Have fun being banned; maybe then you'd actually find something worthwhile to do with your life.


----------



## DustOfShard (Nov 10, 2012)

Fake or not, don't listen to him INFP's. I love you.

The fact that you exist I get to see style like no other, and your eyes captivate the masses I can almost assure you. Thanks for being you.


----------



## athenian200 (Oct 13, 2008)

I know that INFPs can be difficult to get along with at times, but this really doesn't seem like a productive way of dealing with your differences. One of the purposes of MBTI is to help you understand how to get along with those different from yourself.

The majority of ENTJs I've met get along fine with INFPs. It's helpful to understand that they are primarily concerned with personal values and subjective experiences, so factors come into play for them that wouldn't apply to you. If you apply logic and efficiency to them without considering their feelings, they're going to look bad. That's not where they shine, and it probably hurts their feelings.

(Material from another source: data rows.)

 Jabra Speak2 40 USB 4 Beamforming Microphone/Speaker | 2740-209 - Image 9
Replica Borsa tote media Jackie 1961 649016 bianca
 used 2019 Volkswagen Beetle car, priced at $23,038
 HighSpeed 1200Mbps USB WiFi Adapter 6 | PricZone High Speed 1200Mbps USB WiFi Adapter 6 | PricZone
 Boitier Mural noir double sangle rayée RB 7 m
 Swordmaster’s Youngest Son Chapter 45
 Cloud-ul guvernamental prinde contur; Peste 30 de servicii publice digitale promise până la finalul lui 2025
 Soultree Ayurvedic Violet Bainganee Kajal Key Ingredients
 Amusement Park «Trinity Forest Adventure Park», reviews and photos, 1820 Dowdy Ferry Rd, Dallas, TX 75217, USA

You could use this opportunity to work on your social skills and persuasive abilities.

It also sounds like you may have been dealing with unhealthy INFPs rather than healthy ones, and those sorts of people are often the worst representatives of their type. People often find the most negative manifestations of their shadow... your shadow Fi for instance is probably noticing the worst examples of IxFPs rather than the best due to the role it plays in your psyche.


----------



## Genius23 (Oct 17, 2013)

[No message]


----------



## 66393 (Oct 17, 2013)

I probably shouldn't acknowledge such stupidity because typism is so useless, everyone's different. If we can think of _your_ types stereotypes you're the guys that control everything, such as greedy corporation owners making the average persons life hell.

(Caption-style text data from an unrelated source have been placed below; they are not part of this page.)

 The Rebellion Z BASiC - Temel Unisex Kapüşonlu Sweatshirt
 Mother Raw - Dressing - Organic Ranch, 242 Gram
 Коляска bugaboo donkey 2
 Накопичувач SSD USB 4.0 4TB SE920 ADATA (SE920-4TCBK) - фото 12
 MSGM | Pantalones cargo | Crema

I know that isn't true with 99% of you but all he did was play stereotypes just giving an example


----------



## DustOfShard (Nov 10, 2012)

So, what did you hope to accomplish here, dick (it's in his NAME)?


----------



## Genius23 (Oct 17, 2013)

kev said:


> I probably shouldn't acknowledge such stupidity because typism is so useless, everyone's different. If we can think of _your_ types stereotypes you're the guys that control everything, such as greedy corporation owners making the average persons life hell.
> 
> I know that isn't true with 99% of you but all he did was play stereotypes just giving an example


do you have a jetsky? No, i do


----------



## Xenograft (Jul 1, 2013)

I don't hate you but I should.


----------



## DustOfShard (Nov 10, 2012)

cawktoosepeniz said:


> Yes, and the type's humour often align itself with the type itself


You're right, I must be dumb if I'm talking with you. ;D


----------



## Genius23 (Oct 17, 2013)

DustOfShard said:


> You're right, I must be dumb if I'm talking with you. ;D


NF


----------



## ParetoCaretheStare (Jan 18, 2012)

I think the reason some of the people didn't quite understand me in my life as an "INFP" is because it our curiosity and tendency to be innocent and gullible makes us seem like we're actually trying to look cute, when indeed, we are dead serious. For instance, "I don't get it, how was that funny? ...[Joke is told]...Nope, that's not funny." And now we just look like dumb dix, while on the other hand, we are not slow, dumb, nor do we hop on the bandwagons of hogwash the instant something becomes popular or the norm.


----------



## Dragheart Luard (May 13, 2013)

I've seen better trolls in 4chan, so keep trying.


----------



## Genius23 (Oct 17, 2013)

[No message]


----------



## DustOfShard (Nov 10, 2012)

http://personalitycafe.com/nfs-temp...e-interesting-comfortable-your-sexuality.html


----------



## Genius23 (Oct 17, 2013)

DustOfShard said:


> http://personalitycafe.com/nfs-temp...e-interesting-comfortable-your-sexuality.html


THE NF:s strikes back!!! watch out, they may kill you with their dreams -.-'


----------



## Dragheart Luard (May 13, 2013)

cawktoosepeniz said:


> shhh intj friend, I know i can't troll you. I'm just having a little fun with the infp:s emotions


>OP creates a thread for showing how epic is the ENTJ master race and how emo are INFPs (which I think are really the Ni-Fe type and not Fi-Ne considering a certain key word named socionics rofl)
>I detect that thread violates part of Fi derived moral code
>Proceeds to troll the target
>OP calls me friend even if I find that this thread is a pile of crap
>Activates facepalm.exe


----------



## Genius23 (Oct 17, 2013)

Blue Flare said:


> >OP creates a thread for showing how epic is the ENTJ master race and how emo are INFPs (which I think are really the Ni-Fe type and not Fi-Ne considering a certain key word named socionics rofl)
> >I detect that thread violates part of Fi derived moral code
> >Proceeds to troll the target
> >OP calls me friend even if I find that this thread is a pile of crap
> >Activates facepalm.exe


aaaand, there we go. I suceeded to make an intj angry. Mission completed.


----------



## Superfluous (Jan 28, 2014)

lol @ u
just go,
like.. 
get out


----------



## tangosthenes (Oct 29, 2011)

emoschunaloshun


----------



## Dragheart Luard (May 13, 2013)

cawktoosepeniz said:


> aaaand, there we go. I suceeded to make an intj angry. Mission completed.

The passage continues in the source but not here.